Ford had about 82,000 workers represented by the UAW at the end of last year, but about 6,500 have taken previous buyout and early retirement offers made mainly at plants already slated for closure, company spokeswoman Marcey Evans said Thursday.

UAW President Ron Gettelfinger said its members have made hard choices under difficult circumstances.

"Now, it's Ford Motor Co.'s responsibility to lead this company in a positive direction - which means using the skills, experience and dedication to quality that UAW members demonstrate every day in order to deliver quality vehicles to customers," Gettelfinger said in a statement.

The buyouts are part of the larger restructuring plan approved by the Ford board.

Ford has been battered by the auto market's shift from trucks and sport utility vehicles to more fuel-efficient cars and crossovers. Its market share and sales have dropped while its Japanese competitors have gained.

Under the buyout and early retirement plan, detailed in a UAW statement, workers can choose between eight packages that offer from $35,000 to $140,000 depending on their years of service, age and how close they are to retirement age.

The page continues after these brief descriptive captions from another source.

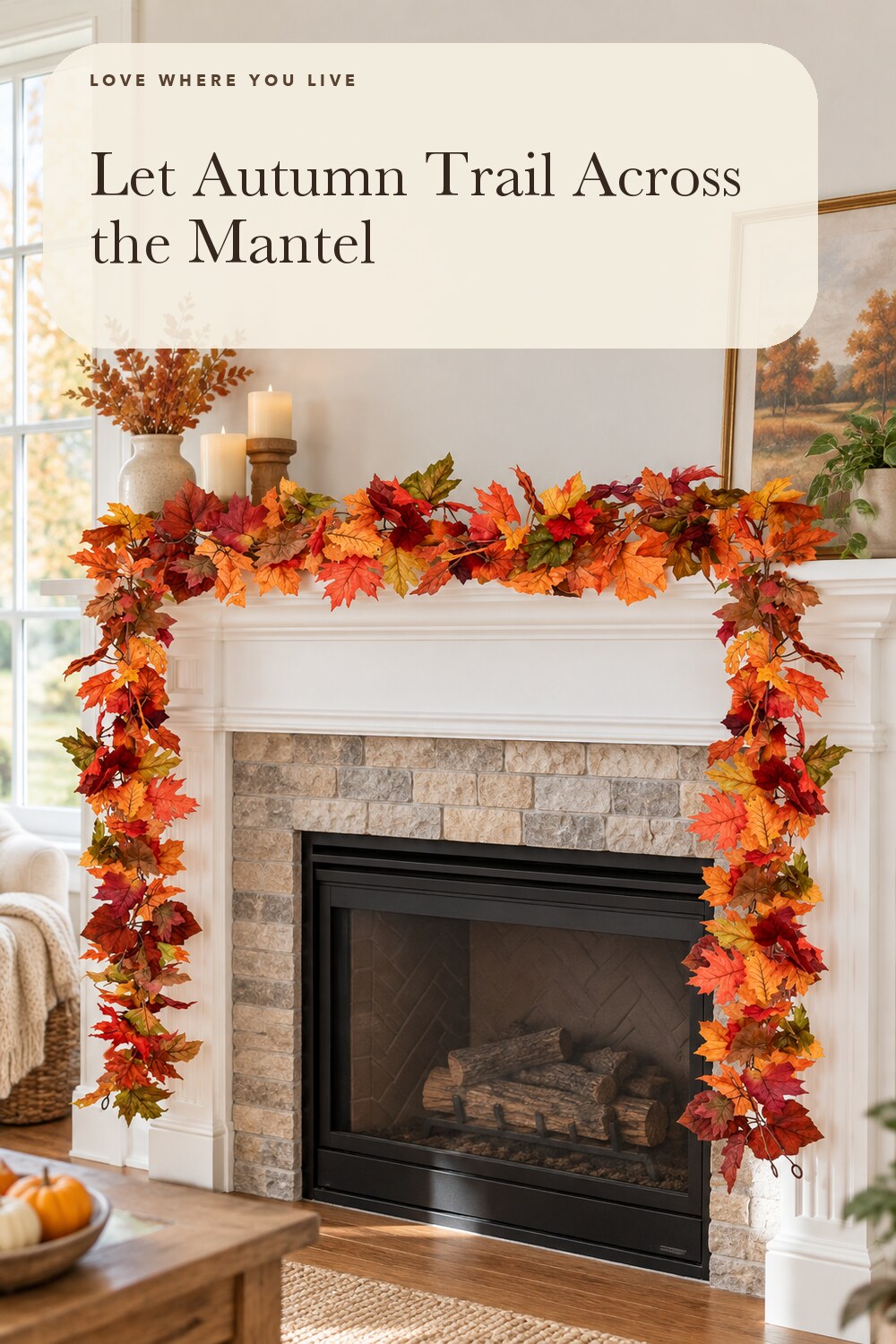 DearHouse 2 Pack Fall Garland Maple Leaf, 5.9Ft/Piece Hanging Vine Garland Artificial Autumn Foliage Garland Thanksgiving Decor for Home Wedding Fireplace Party Christmas (Orange); styling inspiration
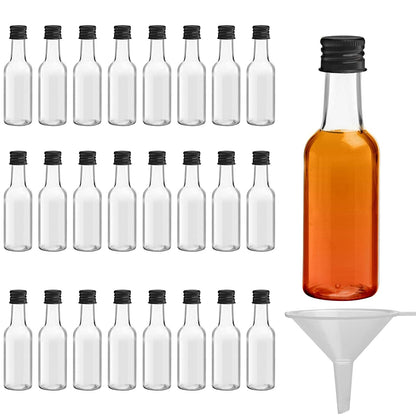 Mini Plastic Bottles with Lids (24 Pack) - Empty 1.7oz Shot Bottles for Alcohol, Spirits, Liquor - Funnel Included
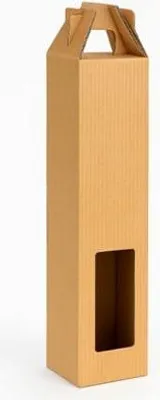 Zdjęcie produktu dla Eleganckie Pudełko Karbowane Ozdobne Na Prezent na butelkę wina - 90x90x315 mm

"I think it's a good package," said Chris Kimmons, president of UAW Local 919 at the Norfolk, Va., assembly plant. "I think they worked real hard on it. They've got to do something to help Ford out of this crisis."

Depending on which plan is chosen, workers may have to give up health benefits.

The offers are similar to those made earlier this year to hourly workers at the General Motors Corp., where 35,000 people have agreed to leave the company.

The announcement also came as UAW local leaders at Ford plants gathered in Detroit to discuss Ford's financial situation and the buyouts.

The Ford board meeting wrapped up Thursday afternoon and the company issued a statement saying it would announce details of the restructuring in a news release at 7 a.m. Friday, followed at 9 a.m. by presentations to employees and the media.

Mulally, who was hired away from Boeing Co. just last week, attended the board meeting and will be part of Friday's announcements, the company said.

Ford lost $1.4 billion during the first half of this year and is under pressure from Wall Street to make further cuts and roll out new cars and trucks more quickly.

In July, the company pledged to accelerate its "Way Forward" restructuring plan, which when introduced in January and called for the up to 30,000 job cuts as well as closing 14 facilities by 2012.

Madden said her company expects Ford to announce the closing of two more plants. Ones that make truck-based sport utility vehicles and cars built on older platforms are likely to be closed, she said.

The scope of the buyout offer could indicate that more than two plants could be closed, Madden said.

Ford shares fell 10 cents to close at $9.09 on the New York Stock Exchange. Its shares have traded in a 52-week range of $6.06 to $10.09.

Separately, Ford said that Anne Stevens, an architect of the restructuring effort at Ford and one of the auto industry's highest ranking women, is retiring. Stevens, 57, had been at the center of Ford's turnaround efforts since October 2005, when she was named executive vice president.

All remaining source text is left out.